Il a ressassé toute la nuit les violents événements de la veille au soir: "Les Afghans étaient en train de jouer au foot. Le ballon a fini par toucher un Kurde, qui a insulté le peuple afghan. Les Afghans se sont attroupés pour attraper le gars, qui a réussi à fuir et rameuter d'autres gens. Du coup, on a dit qu'on voulait discuter et s'excuser, mais les Kurdes sont revenus avec des pistolets et des couteaux et on a vu qu'ils n'en avaient pas l'intention".

Emal admet: "Je trouvais ça normal que les Kurdes soient ici chez eux, c'était leur camp, et nous on avait Calais. Mais comme Calais n'existe plus..."

Le petit groupe d'Afghans repartira quelques minutes plus tard sans avoir pu récupérer leurs affaires, empruntant en file indienne les bas-côtés des rocades desservant le centre-ville de Grande-Synthe, comme de nombreux autres migrants.

En pleine bagarre



A quelques km de là, la salle Victor Hugo fait partie des trois gymnases réquisitionnés pour mettre à l'abri une partie des réfugiés - pas plus de 500, s'inquiète François Guennoc de l'Auberge des migrants, le reste ayant passé la nuit dans la rue.

A l'intérieur de ce lieu dédié aux Kurdes, ces habitués de l'exil forcé essaient, tant bien que mal, de recomposer leur vie, une fois de plus. Des hommes et des femmes à l'air épuisé se reposent sur les lits de camp. Leurs enfants jouent déjà au ballon ou font du tricycle, leurs petits manteaux accrochés aux prises d'escalade artificielles.  Des adolescents font la queue pour se débarbouiller aux lavabos près de l'entrée.


Johat, un des seuls Afghans présents, peut-être toléré parce qu'il a 15 ans, est angoissé: "Je me suis trouvé en pleine bagarre, j'ai réussi à m'enfuir mais depuis, plus aucune nouvelle de mon copain blessé".

Beaucoup sont inquiets de ne pas retrouver leurs proches


"C'est le bazar. Certains ne sont pas hébergés et trainent à Auchan, en ville... Beaucoup sont inquiets de ne pas retrouver leurs proches", témoigne Patrick, volontaire venu prêter main forte.

C'est le cas de Karwan, père de cinq enfants, qui enrage de ne pouvoir entrer dans le gymnase car il est Pakistanais. "Ca me fait bizarre d'être ici à attendre. Au camp on était bien. Je n'aime pas être séparé de ma famille".

A un moment, je portais ma fille dans mes bras, mais je suis tombé


Lundi soir, il était parti acheter du tabac quand il a appris la nouvelle.
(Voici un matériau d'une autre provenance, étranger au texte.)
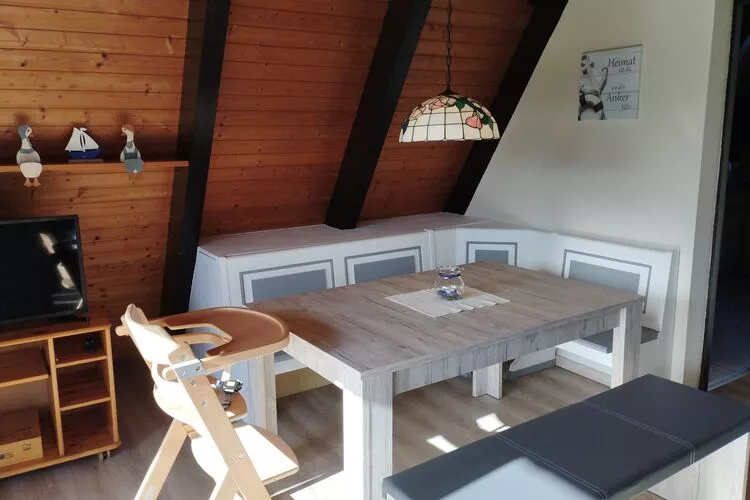 Haus Amalie-Dining room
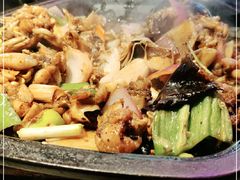 -蛙来哒(东城万达店)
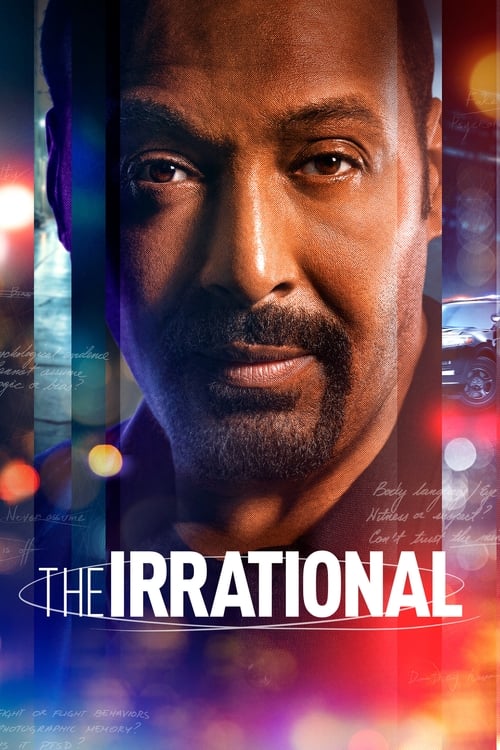 The Irrational : 2.Sezon 9.Bölüm
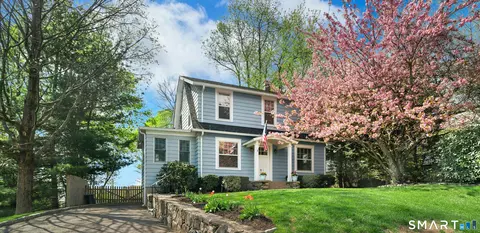 281 West Ave, Darien, CT 06820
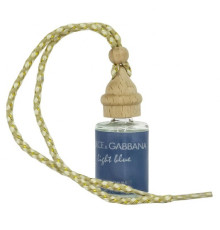 Аромат для автомобиля Dolce & Gabbana Light Blue Por Homme, 12ml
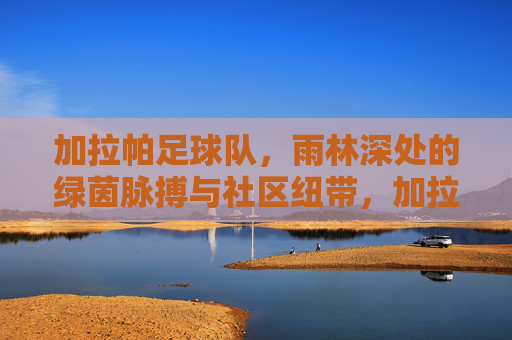 加拉帕足球队，雨林深处的绿茵脉搏与社区纽带，加拉帕足球队，雨林深处的绿茵脉搏与社区纽带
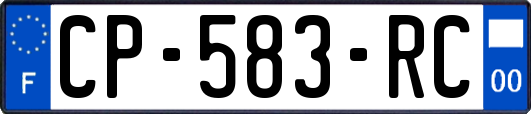 CP-583-RC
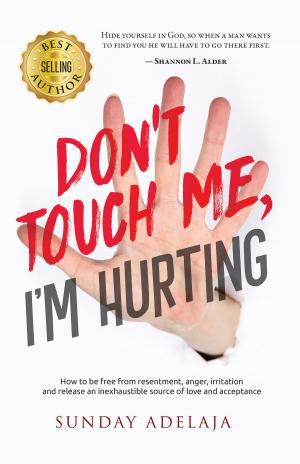 Cover of the book Don't Touch Me, I'm Hurting! by Donald Marshall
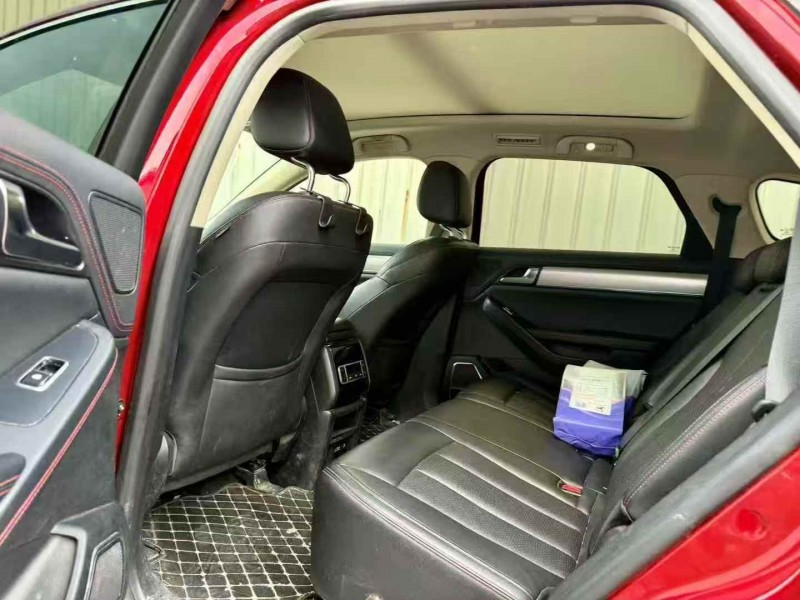 枣庄19年比亚迪唐4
Il est revenu en catastrophe pour protéger les siens, dont la cabane se situait face au lieu des premiers affrontements. "A un moment, je portais ma fille dans mes bras, mais je suis tombé, des gens m'ont frappé. Mais ce n'est pas grave, tant que mes enfants n'ont rien...", se satisfait-il.

Cet événement le convainc en tout cas encore plus de son objectif initial: rallier l'Angleterre, au plus vite.